BEGIN
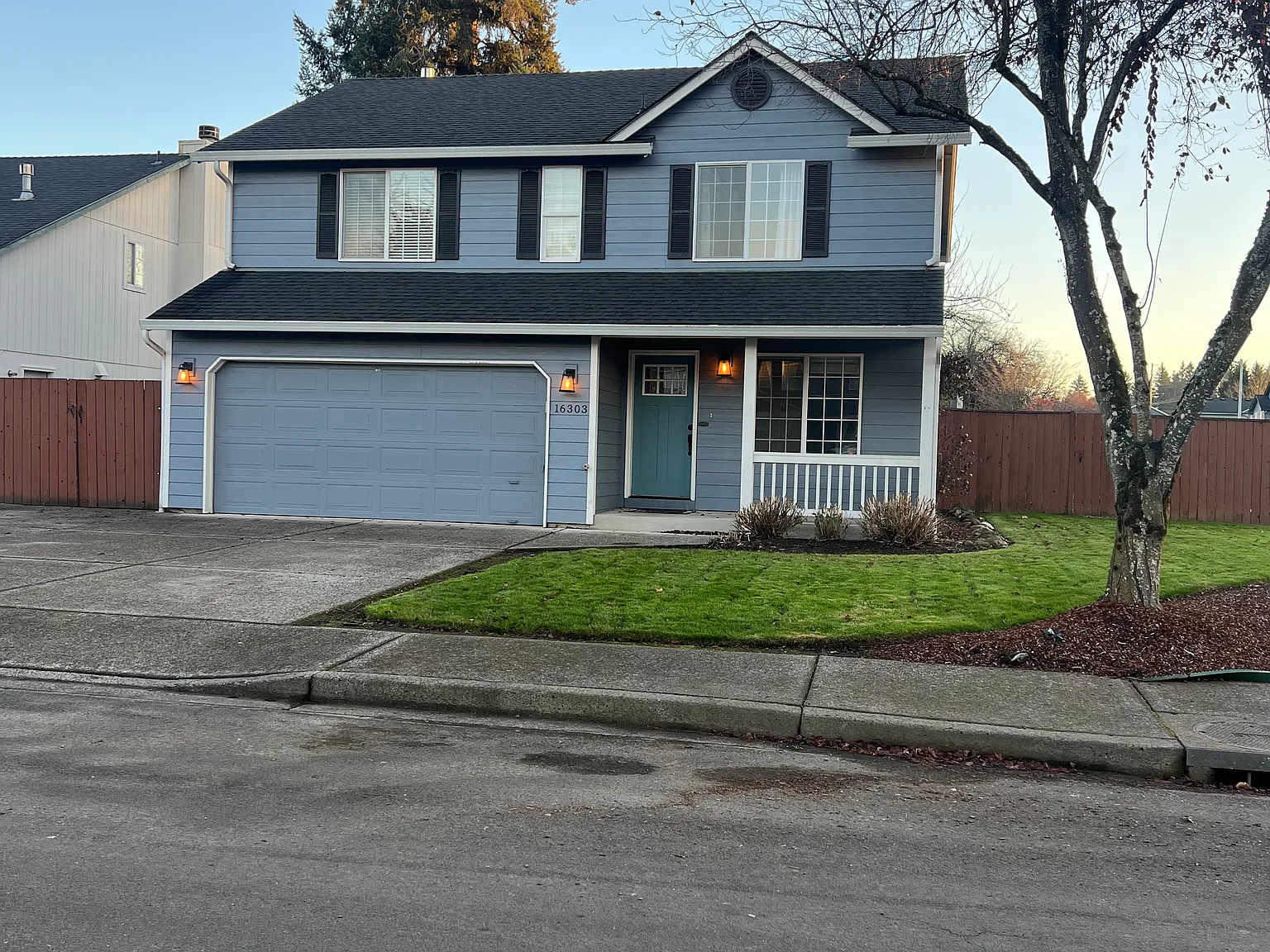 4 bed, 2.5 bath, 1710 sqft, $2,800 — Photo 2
END
BEGIN
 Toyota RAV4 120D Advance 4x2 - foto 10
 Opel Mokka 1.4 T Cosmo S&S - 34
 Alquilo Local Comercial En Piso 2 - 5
END
- _WHAT THE EXERCISE ASKS_: Transcribe the records above from the line holding "Toyota RAV4 120D Advance 4x2 - foto 10" down to the line holding "Alquilo Local Comercial En Piso 2 - 5", inclusive, without adding anything.

- _RESULT OF THIS EXERCISE_:
 Toyota RAV4 120D Advance 4x2 - foto 10
 Opel Mokka 1.4 T Cosmo S&S - 34
 Alquilo Local Comercial En Piso 2 - 5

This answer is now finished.